### PROBLEM TO WORK ON:
Only the text is wanted; write out each record below exactly and exclude all pictures.

### DATA FOR ANALYSIS:
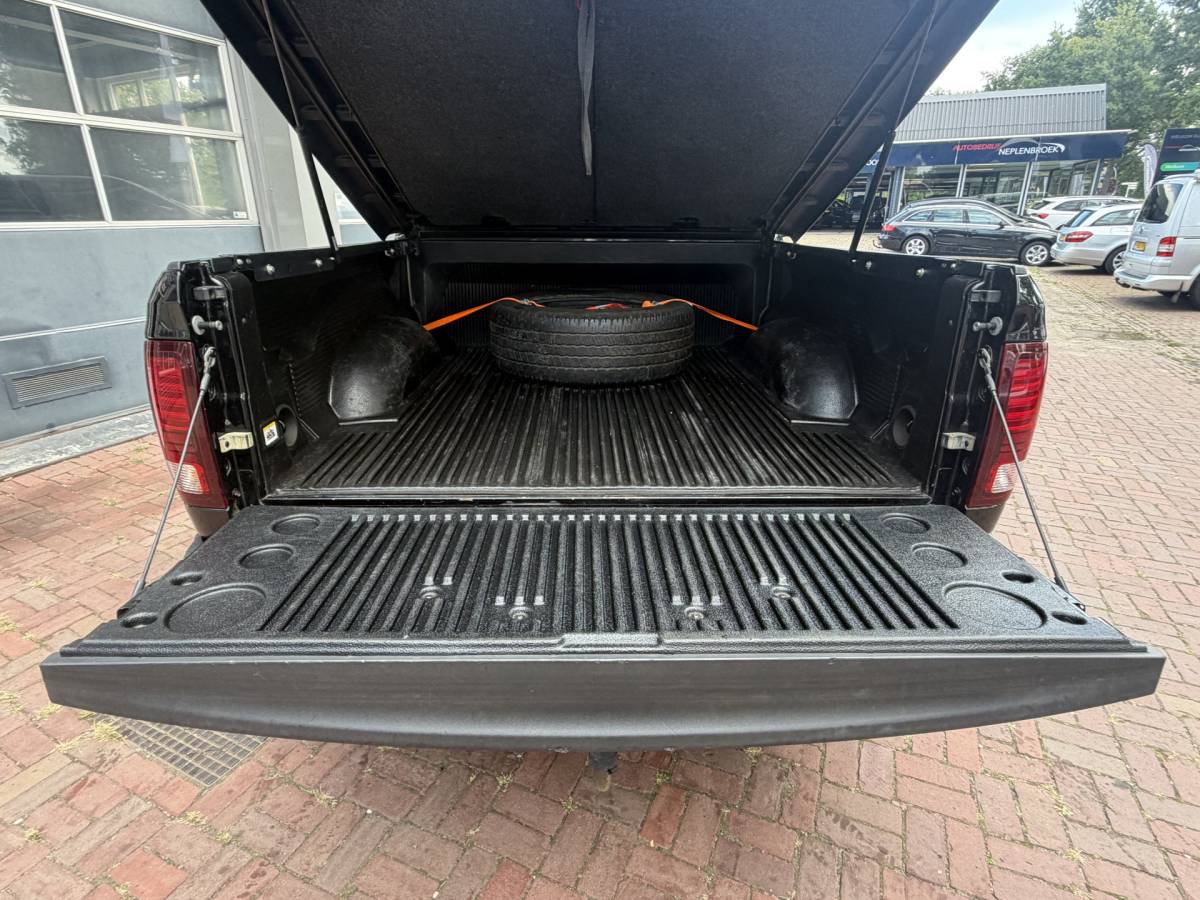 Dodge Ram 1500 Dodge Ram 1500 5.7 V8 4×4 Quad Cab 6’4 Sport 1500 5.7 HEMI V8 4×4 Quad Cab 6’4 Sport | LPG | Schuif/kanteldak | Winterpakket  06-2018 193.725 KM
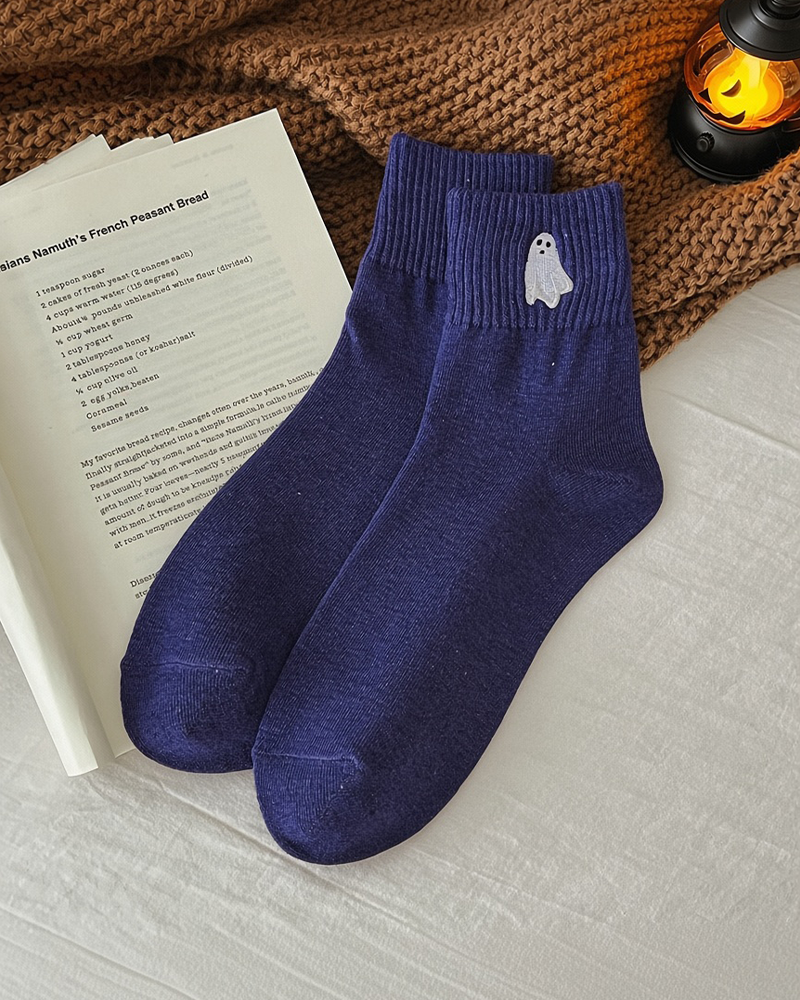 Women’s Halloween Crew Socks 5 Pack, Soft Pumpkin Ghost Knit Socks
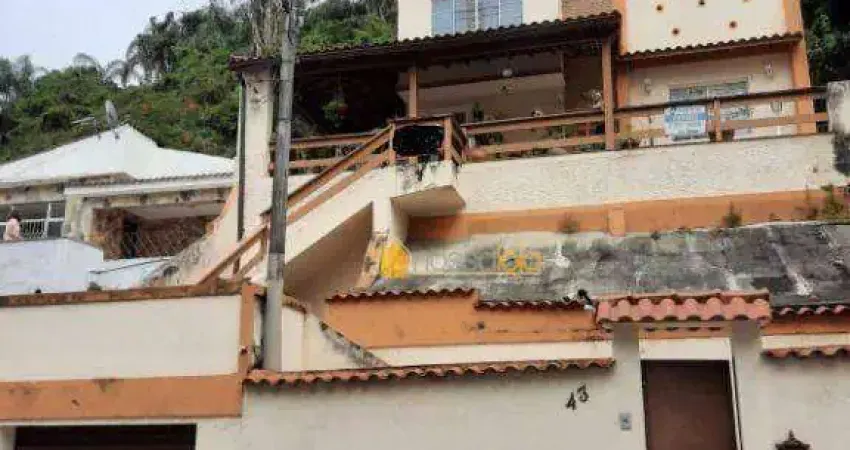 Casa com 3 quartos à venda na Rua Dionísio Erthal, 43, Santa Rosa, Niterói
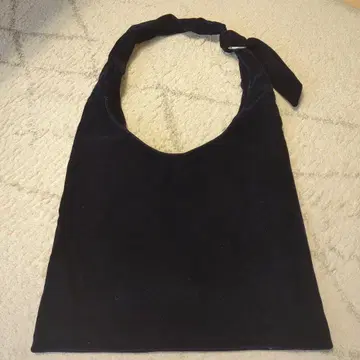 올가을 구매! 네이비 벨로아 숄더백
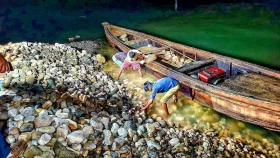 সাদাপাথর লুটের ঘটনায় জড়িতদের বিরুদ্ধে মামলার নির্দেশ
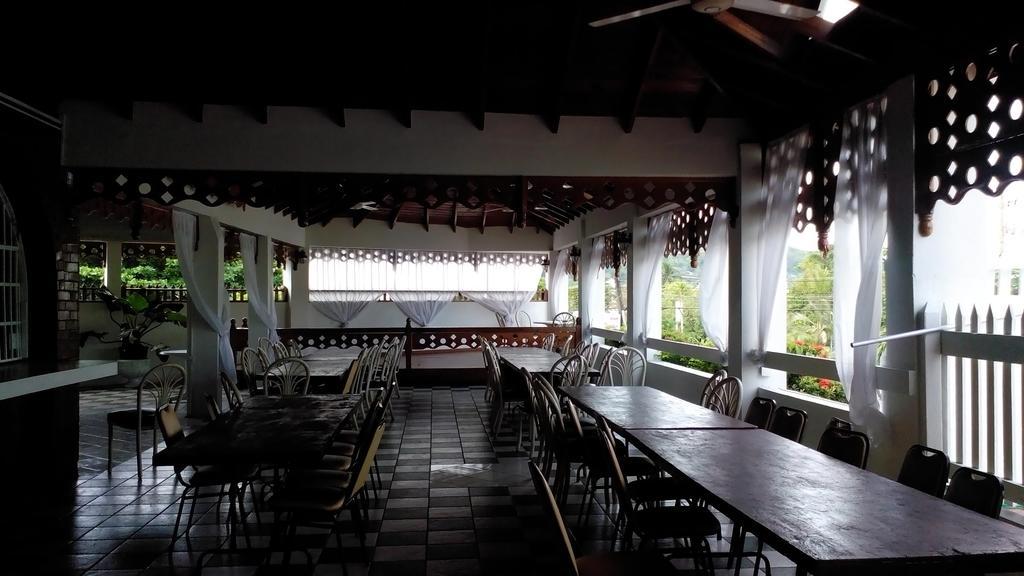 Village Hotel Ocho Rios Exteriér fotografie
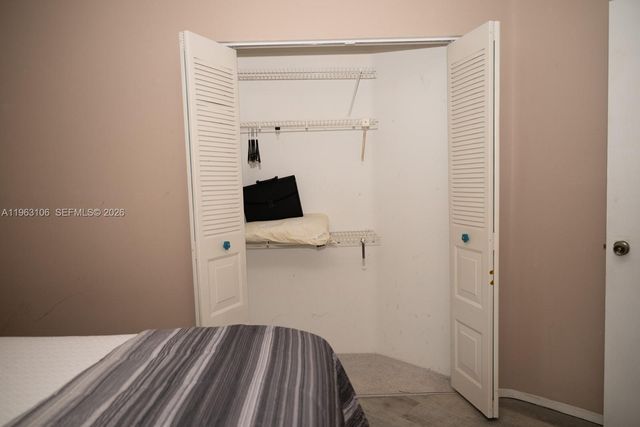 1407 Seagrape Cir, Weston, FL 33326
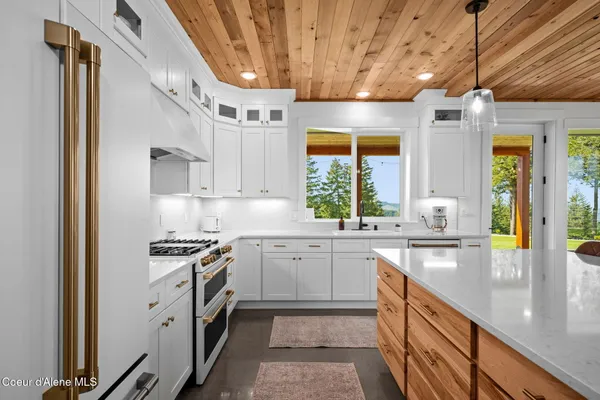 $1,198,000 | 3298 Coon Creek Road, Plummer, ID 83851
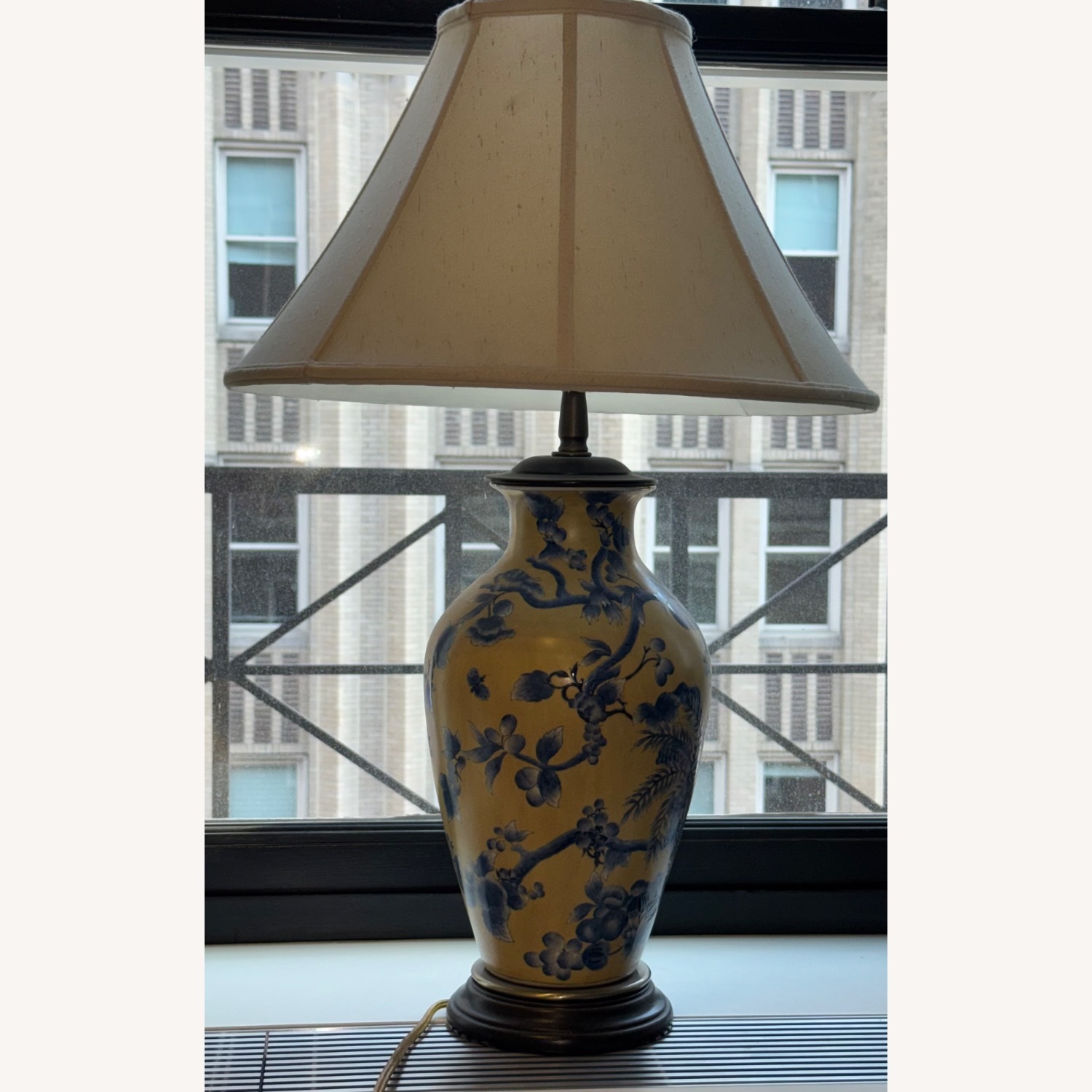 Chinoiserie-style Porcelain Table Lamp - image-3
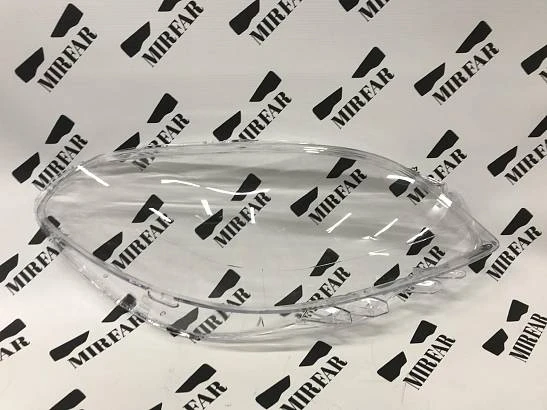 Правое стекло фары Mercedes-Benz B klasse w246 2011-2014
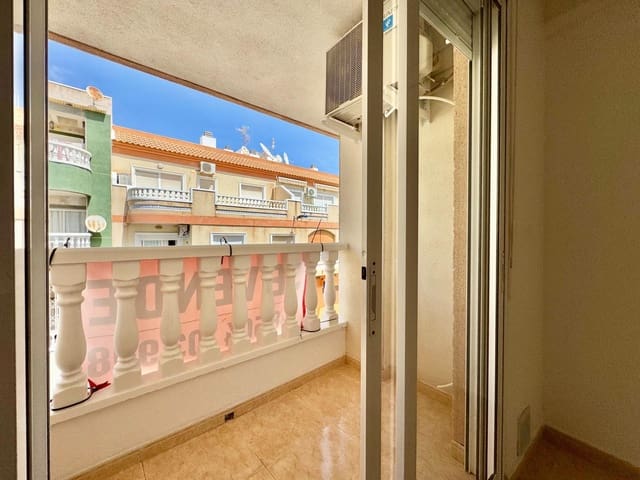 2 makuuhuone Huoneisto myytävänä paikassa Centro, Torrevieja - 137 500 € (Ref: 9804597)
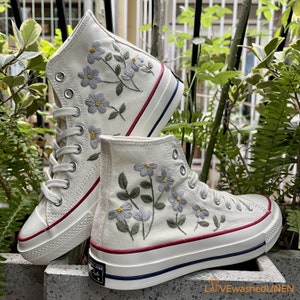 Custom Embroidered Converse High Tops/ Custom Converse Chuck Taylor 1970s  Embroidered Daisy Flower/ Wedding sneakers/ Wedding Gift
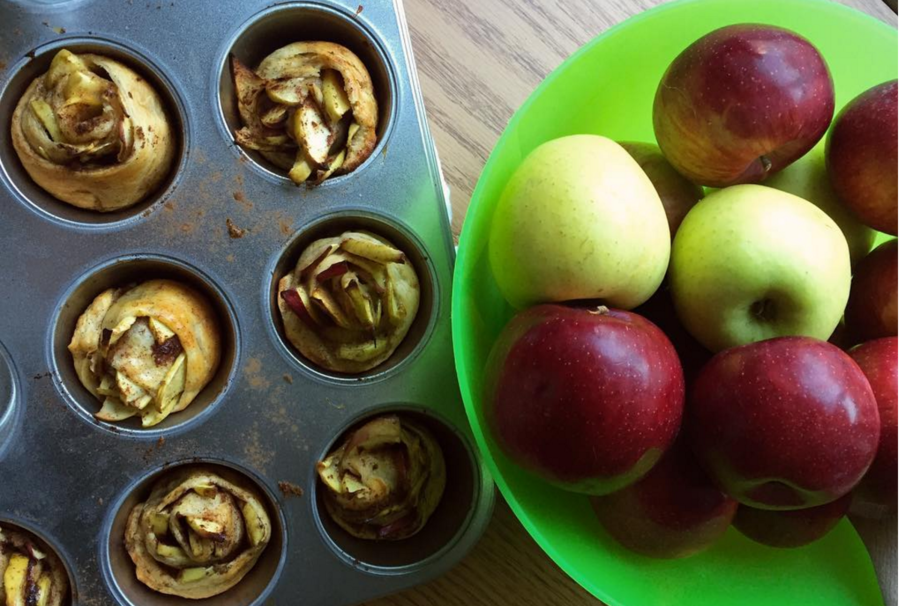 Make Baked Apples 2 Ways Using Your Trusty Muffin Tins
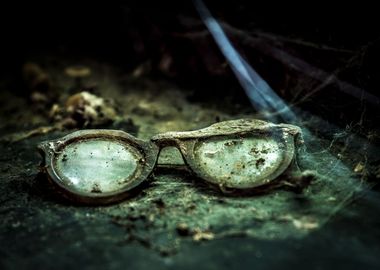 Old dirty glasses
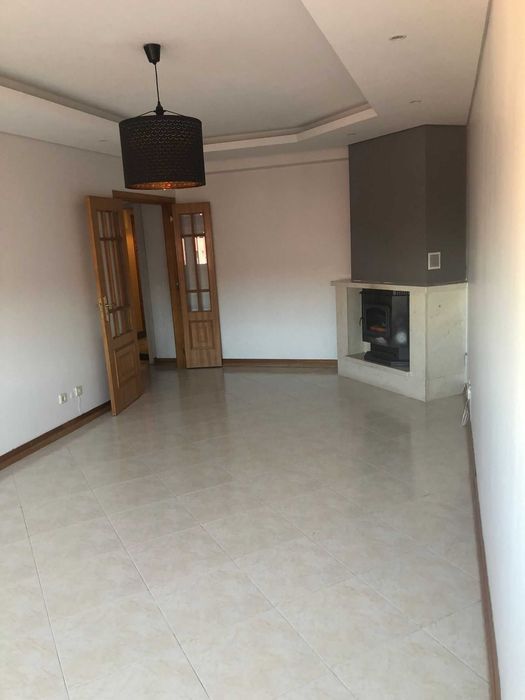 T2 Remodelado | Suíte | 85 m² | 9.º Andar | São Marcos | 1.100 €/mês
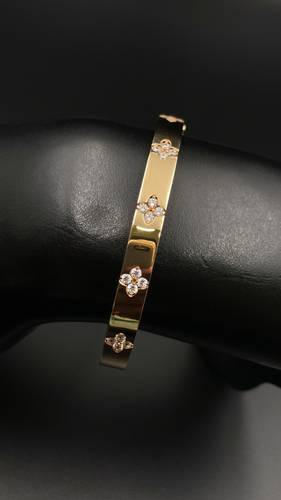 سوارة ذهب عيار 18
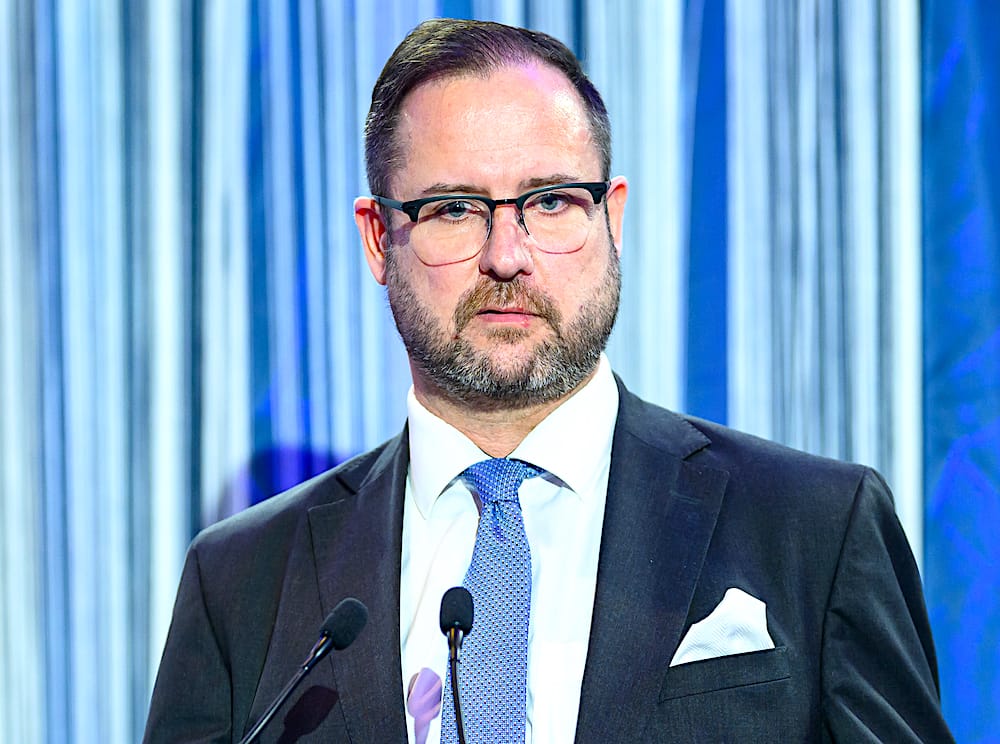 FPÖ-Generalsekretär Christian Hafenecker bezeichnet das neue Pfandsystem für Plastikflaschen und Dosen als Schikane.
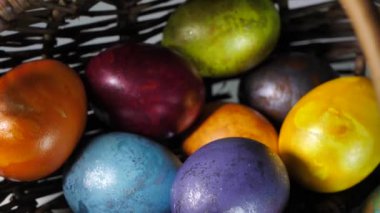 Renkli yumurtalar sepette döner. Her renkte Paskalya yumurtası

### ANSWER BOX:
 Dodge Ram 1500 Dodge Ram 1500 5.7 V8 4×4 Quad Cab 6’4 Sport 1500 5.7 HEMI V8 4×4 Quad Cab 6’4 Sport | LPG | Schuif/kanteldak | Winterpakket  06-2018 193.725 KM
 Women’s Halloween Crew Socks 5 Pack, Soft Pumpkin Ghost Knit Socks
 Casa com 3 quartos à venda na Rua Dionísio Erthal, 43, Santa Rosa, Niterói
 올가을 구매! 네이비 벨로아 숄더백
 সাদাপাথর লুটের ঘটনায় জড়িতদের বিরুদ্ধে মামলার নির্দেশ
 Village Hotel Ocho Rios Exteriér fotografie
 1407 Seagrape Cir, Weston, FL 33326
 $1,198,000 | 3298 Coon Creek Road, Plummer, ID 83851
 Chinoiserie-style Porcelain Table Lamp - image-3
 Правое стекло фары Mercedes-Benz B klasse w246 2011-2014
 2 makuuhuone Huoneisto myytävänä paikassa Centro, Torrevieja - 137 500 € (Ref: 9804597)
 Custom Embroidered Converse High Tops/ Custom Converse Chuck Taylor 1970s  Embroidered Daisy Flower/ Wedding sneakers/ Wedding Gift
 Make Baked Apples 2 Ways Using Your Trusty Muffin Tins
 Old dirty glasses
 T2 Remodelado | Suíte | 85 m² | 9.º Andar | São Marcos | 1.100 €/mês
 سوارة ذهب عيار 18
 FPÖ-Generalsekretär Christian Hafenecker bezeichnet das neue Pfandsystem für Plastikflaschen und Dosen als Schikane.
 Renkli yumurtalar sepette döner. Her renkte Paskalya yumurtası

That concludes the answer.